The spread of antibiotic resistance could have disastrous consequences for patients undergoing surgery or chemotherapy, according to an overseas study released last week.
In the United States, up to half of infections after surgery and over a quarter of those after chemotherapy are caused by organisms resistant to standard antibiotics, researchers found.
A 30 per cent drop in the efficacy of preventive antibiotics given to patients undergoing such procedures could lead to 120,000 infections and 6,300 infection-related deaths a year in the US alone, they said.

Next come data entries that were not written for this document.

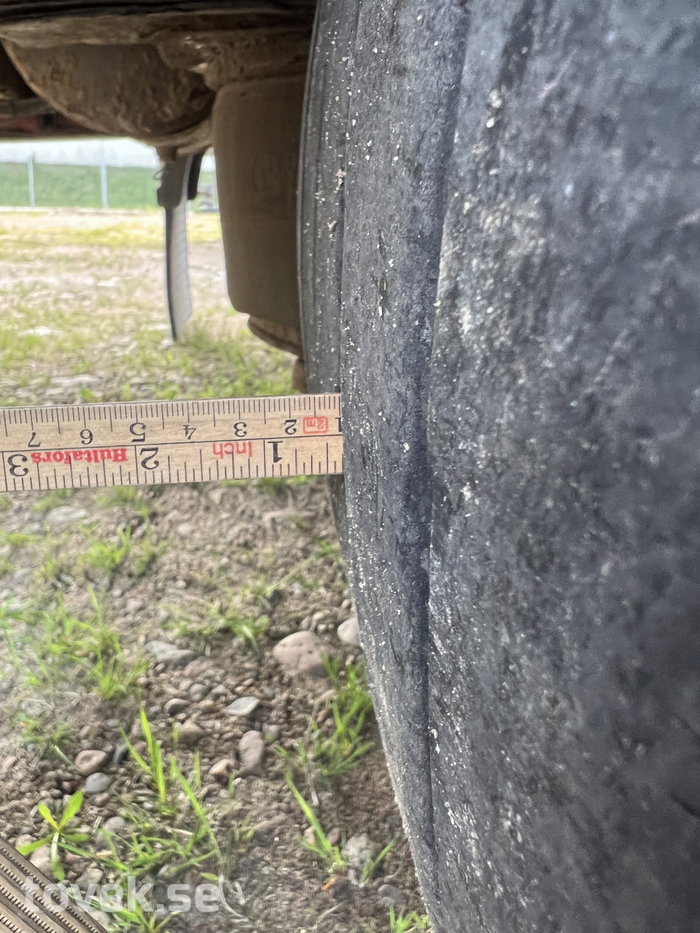 Slider image 21
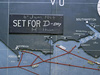 Camp D-7 Dorchester
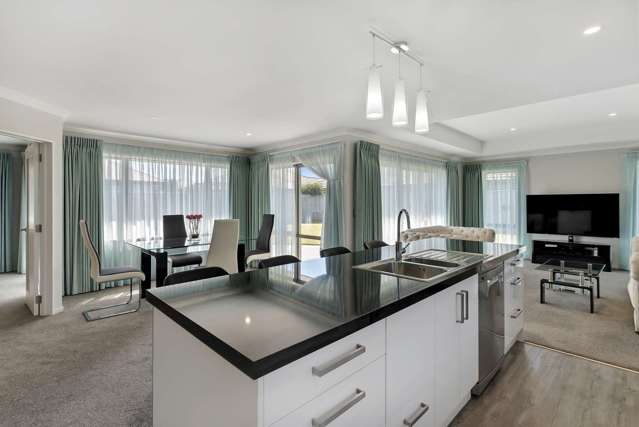 21 Denimes Crescent Rolleston_2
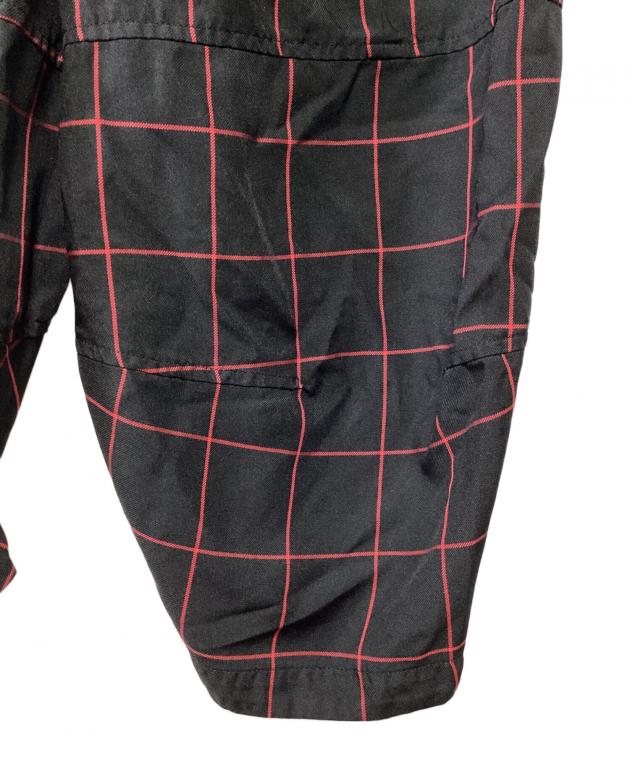 中古・古着通販】BLACK COMME des GARCONS (ブラックコムデギャルソン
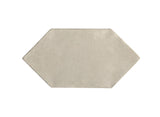Arabesque 4" x 8" Pickets (picket only) Cement Tile - Avente Tile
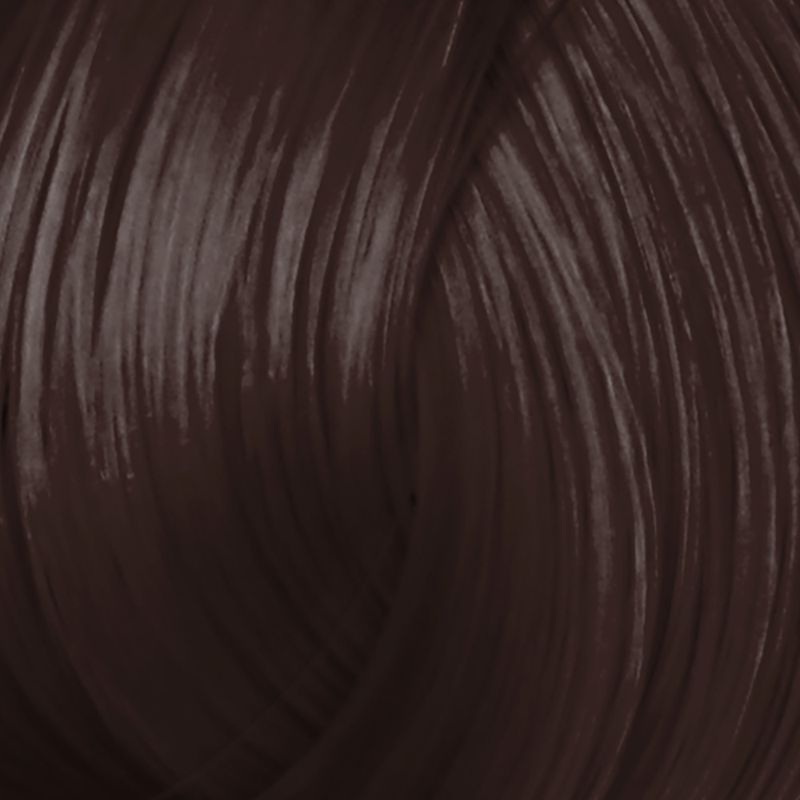 Tinte-con-Amoniaco-Thyms-Coloring-Violetas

"This is the first study to estimate the impact of antibiotic resistance on broader medical care in the United States," said Dr Ramanan Laxminarayan, director of the Centre for Disease Dynamics, Economics and Policy in Washington.
"Many common surgical procedures and cancer chemotherapy will be impossible if antibiotic resistance is not tackled urgently."
Antibiotics are routinely given as a precautionary measure to patients undergoing surgery or cancer treatment, to prevent infection.
Yet, bacterial resistance to commonly prescribed antibiotics is increasing at an alarming pace.
The study, published in medical journal The Lancet Infectious Diseases, is the first to examine how far rising resistance has affected preventive antibiotics.
A team led by Dr Laxminarayan reviewed data from clinical trials conducted between 1968 and 2011.
They found that 39 per cent of infections after Caesarean sections, 50 to 90 per cent of infections after rectal prostate biopsies and just over a quarter of infections after blood cancer chemotherapy were caused by resistant organisms.
In a comment also carried by The Lancet, Dr Joshua Wolf of the St Jude Children's Research Hospital said the study "describes a future in which patients who need surgery or chemotherapy can no longer be protected from life-threatening infections by antibiotic" treatment.
The World Health Organisation has warned that countries are falling behind in the war against superbugs, which kill hundreds of thousands a year.